▶ _WHAT NEEDS TO BE DONE_:
Word for word, restate all the records; images are not part of the copy.

(Dataset items)

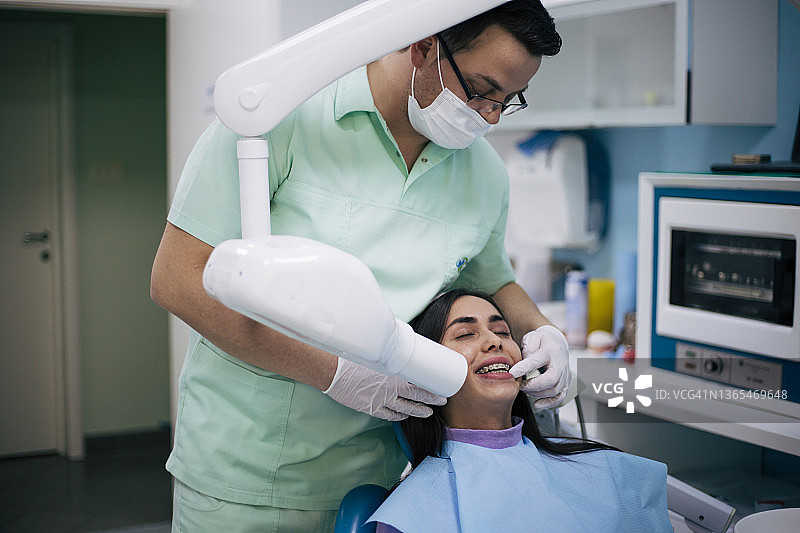 在牙医诊所的女人图片素材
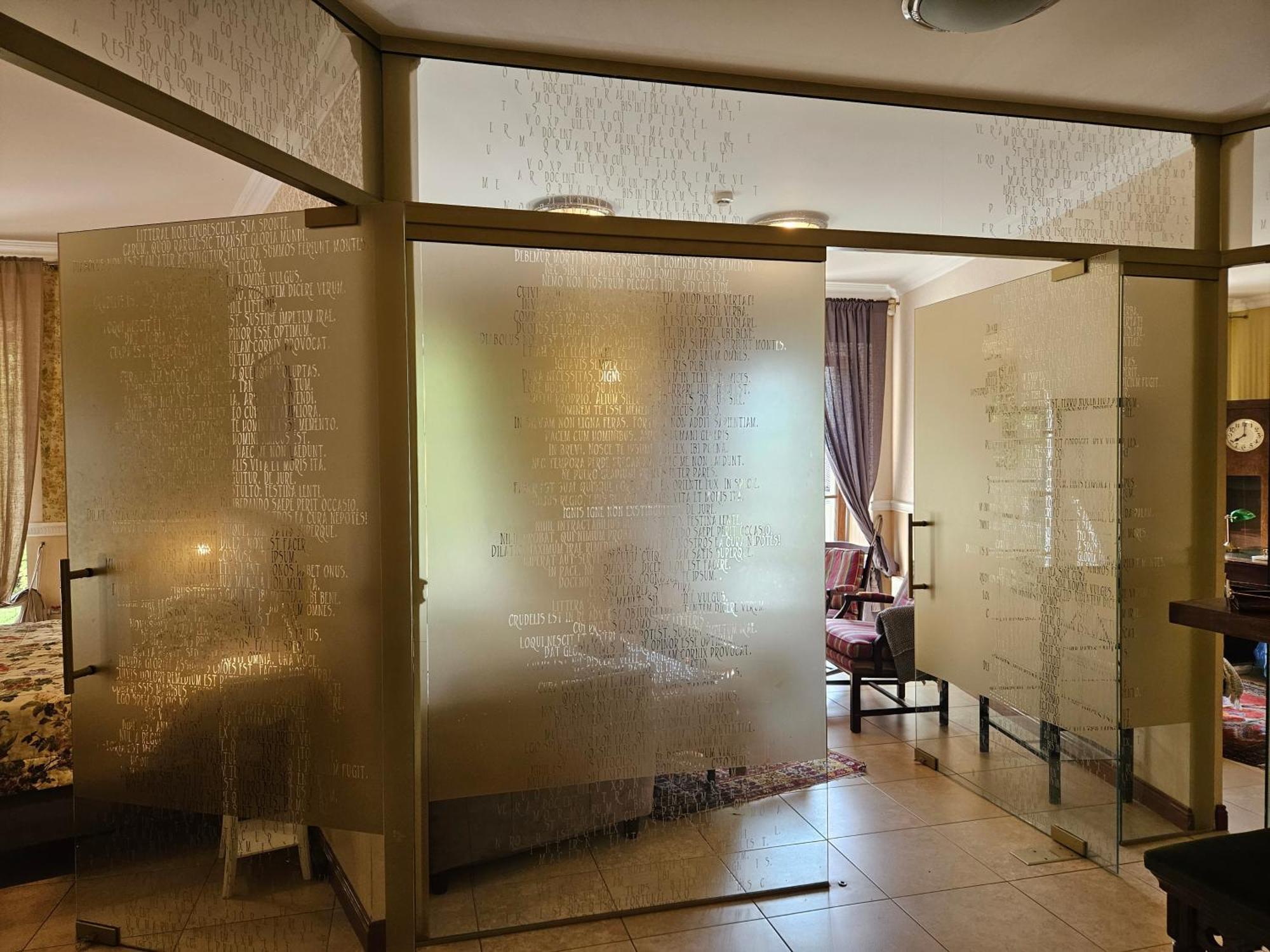 Barrister'S Apartments With Fireplace Siauliai  Ngoại thất bức ảnh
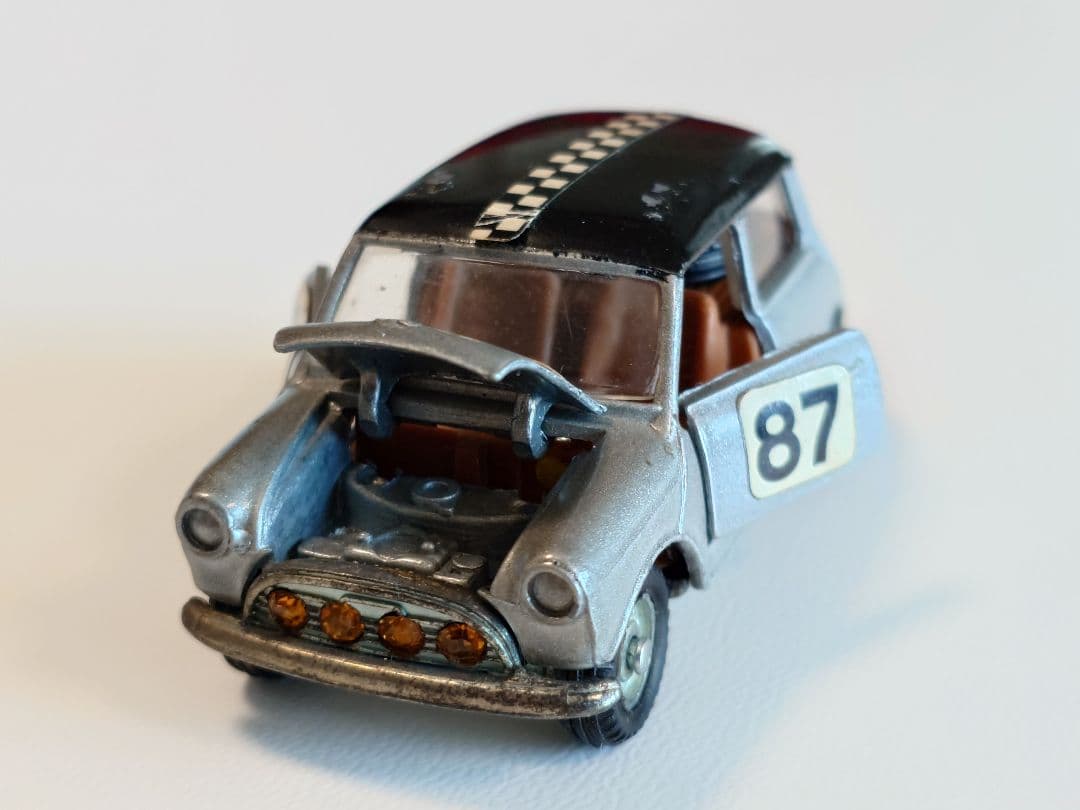 ミニカー MEBETOYS A-61 MINI MINOR INNOCENTI MONTE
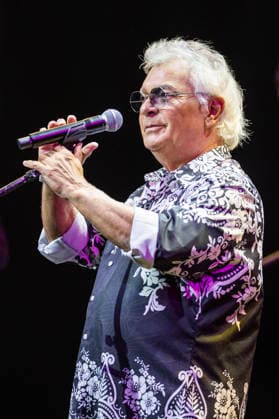 August 23, 2026, Vienna, Virginia, USA: Founder and lead singer Nicolas Reyes of the Gipsy Kings and his band perform their high-energy fusion of flamenco, rumba, salsa, and pop, featuring iconic songs, at the Filene Center at Wolf Trap in Vienna, Virginia, on Sunday, August 23, 2026. Vienna USA  - ZUMAkh2_ 20260823_znp_kh2_040 Copyright: xAlixKhalighx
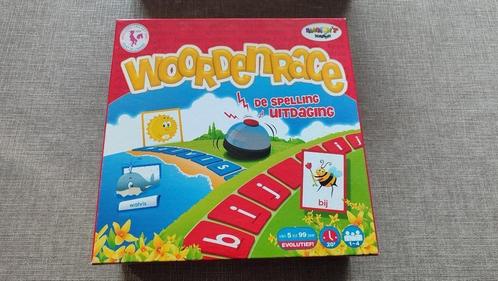 Asmodee - Woordenrace, Hobby en Vrije tijd, Gezelschapsspellen | Kaartspellen, Zo goed als nieuw, Een of twee spelers, Drie of vier spelers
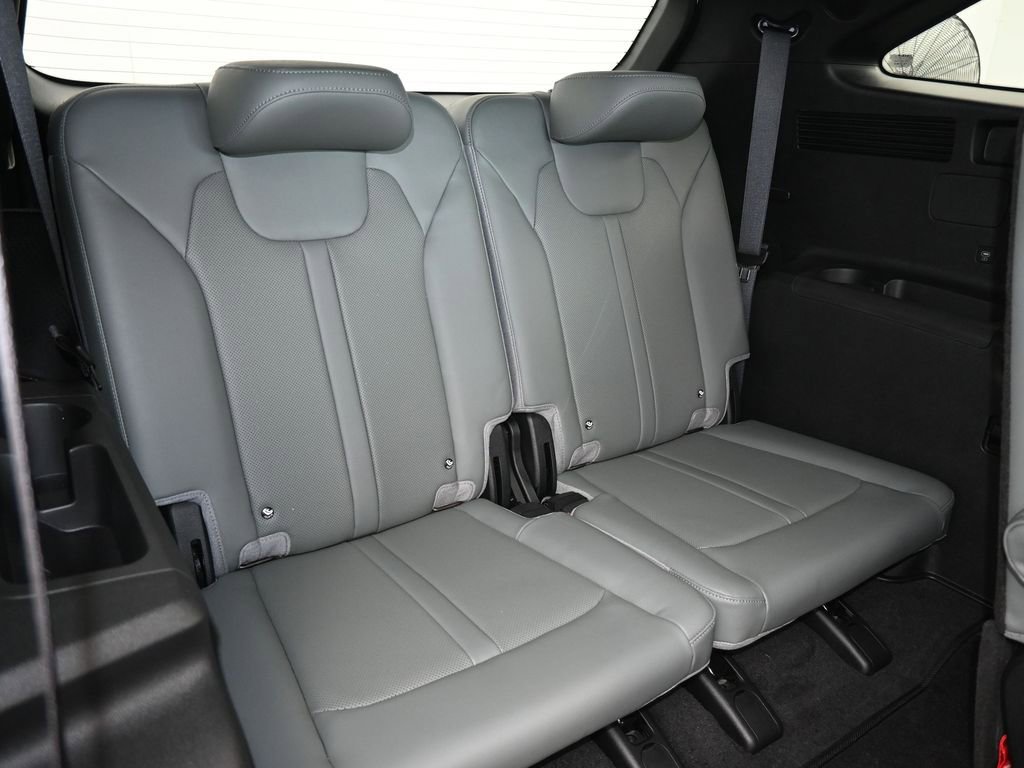 Used 2024 Kia Sorento SX Prestige w/ Sage Leather Package image 68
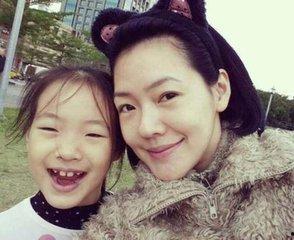 明星网红妈妈带娃图片,温馨带娃瞬间捕捉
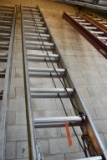 32' WERNER ALUMINUM EXTENSION LADDER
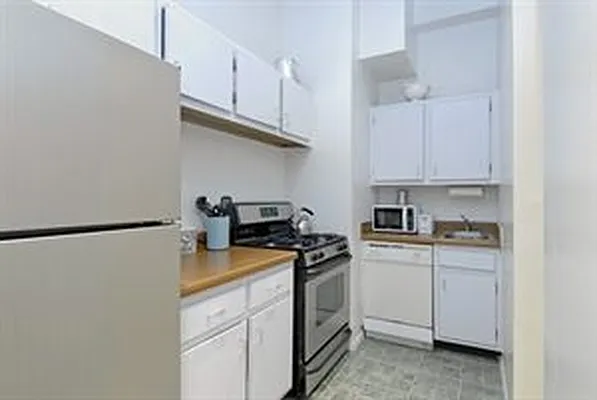 Sold by Douglas Elliman | media 8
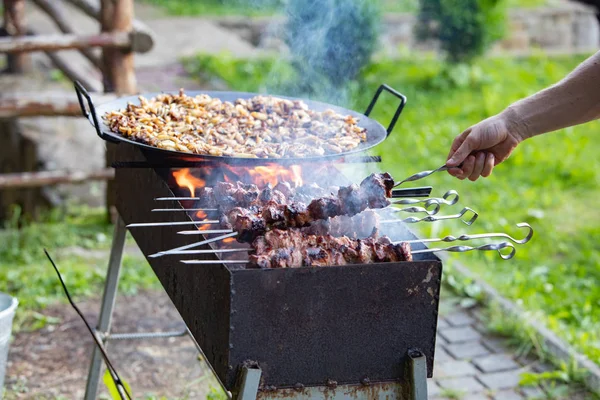 バーベキューの火で肉を調理する — ストック写真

▶ _TASK RESPONSE_:
 在牙医诊所的女人图片素材
 Barrister'S Apartments With Fireplace Siauliai  Ngoại thất bức ảnh
 ミニカー MEBETOYS A-61 MINI MINOR INNOCENTI MONTE
 August 23, 2026, Vienna, Virginia, USA: Founder and lead singer Nicolas Reyes of the Gipsy Kings and his band perform their high-energy fusion of flamenco, rumba, salsa, and pop, featuring iconic songs, at the Filene Center at Wolf Trap in Vienna, Virginia, on Sunday, August 23, 2026. Vienna USA  - ZUMAkh2_ 20260823_znp_kh2_040 Copyright: xAlixKhalighx
 Asmodee - Woordenrace, Hobby en Vrije tijd, Gezelschapsspellen | Kaartspellen, Zo goed als nieuw, Een of twee spelers, Drie of vier spelers
 Used 2024 Kia Sorento SX Prestige w/ Sage Leather Package image 68
 明星网红妈妈带娃图片,温馨带娃瞬间捕捉
 32' WERNER ALUMINUM EXTENSION LADDER
 Sold by Douglas Elliman | media 8
 バーベキューの火で肉を調理する — ストック写真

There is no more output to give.